Question

Consider the following statements:
(i) For every positive real number X, x-10 is positive.
(ii) Let n be a natural number. If n² is even, then n is even.
(iii) If a natural number is odd, then its square is also odd.
Then

• A. (i) False, (ii) True and (iii) True
• B. (i) False, (ii) False and (iii) True
• C. (i) True, (ii) False and (iii) True
• D. (i) True, (ii) True and (iii) True
• E. (i) False, (ii) True and (iii) False

Answer 1

The Correct Option is A

(i) "For every positive real number \( x \), \( x-10 \) is positive."
This statement is false. For \( x = 5 \), \( x - 10 = -5 \), which is not positive. Hence, this is false. 

(ii) "Let \( n \) be a natural number. If \( n^2 \) is even, then \( n \) is even."
This statement is true. If the square of a number is even, then the number itself must be even. For example, \( 2^2 = 4 \), which is even, and \( n = 2 \) is even. Hence, this is true.

(iii) "If a natural number is odd, then its square is also odd."
This statement is true. The square of any odd number is always odd. For example, \( 3^2 = 9 \), which is odd. Hence, this is true.

The correct option is (A) : (i) False, (ii) True and (iii) True

Answer 2

(i) For every positive real number X, x-10 is positive.

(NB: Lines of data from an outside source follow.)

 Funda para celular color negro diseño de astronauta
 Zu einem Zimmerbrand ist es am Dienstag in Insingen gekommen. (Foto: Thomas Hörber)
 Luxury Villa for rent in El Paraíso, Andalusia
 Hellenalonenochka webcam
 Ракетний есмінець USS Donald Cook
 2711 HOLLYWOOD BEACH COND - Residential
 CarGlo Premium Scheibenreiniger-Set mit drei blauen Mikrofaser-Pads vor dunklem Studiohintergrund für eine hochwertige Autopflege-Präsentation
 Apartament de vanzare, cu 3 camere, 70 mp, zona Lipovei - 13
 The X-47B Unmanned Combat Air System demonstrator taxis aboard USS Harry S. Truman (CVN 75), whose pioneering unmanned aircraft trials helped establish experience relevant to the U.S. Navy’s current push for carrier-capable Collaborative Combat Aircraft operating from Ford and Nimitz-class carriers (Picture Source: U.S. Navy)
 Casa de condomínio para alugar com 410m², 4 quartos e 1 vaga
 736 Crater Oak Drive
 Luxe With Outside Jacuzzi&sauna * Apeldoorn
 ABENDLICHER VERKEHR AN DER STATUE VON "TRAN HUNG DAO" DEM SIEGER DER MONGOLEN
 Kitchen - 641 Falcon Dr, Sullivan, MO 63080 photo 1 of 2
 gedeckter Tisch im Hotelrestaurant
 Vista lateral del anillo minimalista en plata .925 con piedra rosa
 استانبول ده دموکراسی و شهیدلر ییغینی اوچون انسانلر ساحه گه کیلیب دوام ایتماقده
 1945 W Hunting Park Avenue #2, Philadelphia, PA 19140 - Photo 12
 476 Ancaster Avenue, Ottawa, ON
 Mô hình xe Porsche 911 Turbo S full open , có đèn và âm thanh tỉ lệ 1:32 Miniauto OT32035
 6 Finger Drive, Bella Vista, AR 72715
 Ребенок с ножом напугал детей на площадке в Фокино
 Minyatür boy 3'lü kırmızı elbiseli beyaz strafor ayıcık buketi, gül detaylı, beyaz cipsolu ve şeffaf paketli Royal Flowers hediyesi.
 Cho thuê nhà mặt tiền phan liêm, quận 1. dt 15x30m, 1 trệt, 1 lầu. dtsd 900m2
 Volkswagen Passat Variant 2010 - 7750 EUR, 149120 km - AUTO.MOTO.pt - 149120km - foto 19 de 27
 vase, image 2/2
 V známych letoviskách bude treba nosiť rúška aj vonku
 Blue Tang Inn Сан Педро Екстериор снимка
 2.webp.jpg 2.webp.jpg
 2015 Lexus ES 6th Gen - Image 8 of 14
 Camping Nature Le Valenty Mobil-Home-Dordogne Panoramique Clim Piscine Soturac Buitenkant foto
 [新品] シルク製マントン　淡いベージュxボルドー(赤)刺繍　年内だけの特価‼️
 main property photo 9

This statement is false. Consider x = 5, which is a positive real number. Then, x - 10 = 5 - 10 = -5, which is not positive.

(ii) Let n be a natural number. If n² is even, then n is even.

This statement is true. We can prove this by contrapositive. The contrapositive of the statement is: "If n is odd, then n² is odd." If n is odd, then n = 2k + 1 for some integer k. Then, n² = (2k + 1)² = 4k² + 4k + 1 = 2(2k² + 2k) + 1, which is odd. Since the contrapositive is true, the original statement is also true.

(iii) If a natural number is odd, then its square is also odd.

This statement is true. If a natural number is odd, it can be represented as 2k + 1, where k is an integer. Its square is (2k + 1)² = 4k² + 4k + 1 = 2(2k² + 2k) + 1, which is also odd.

Therefore, (i) False, (ii) True and (iii) True.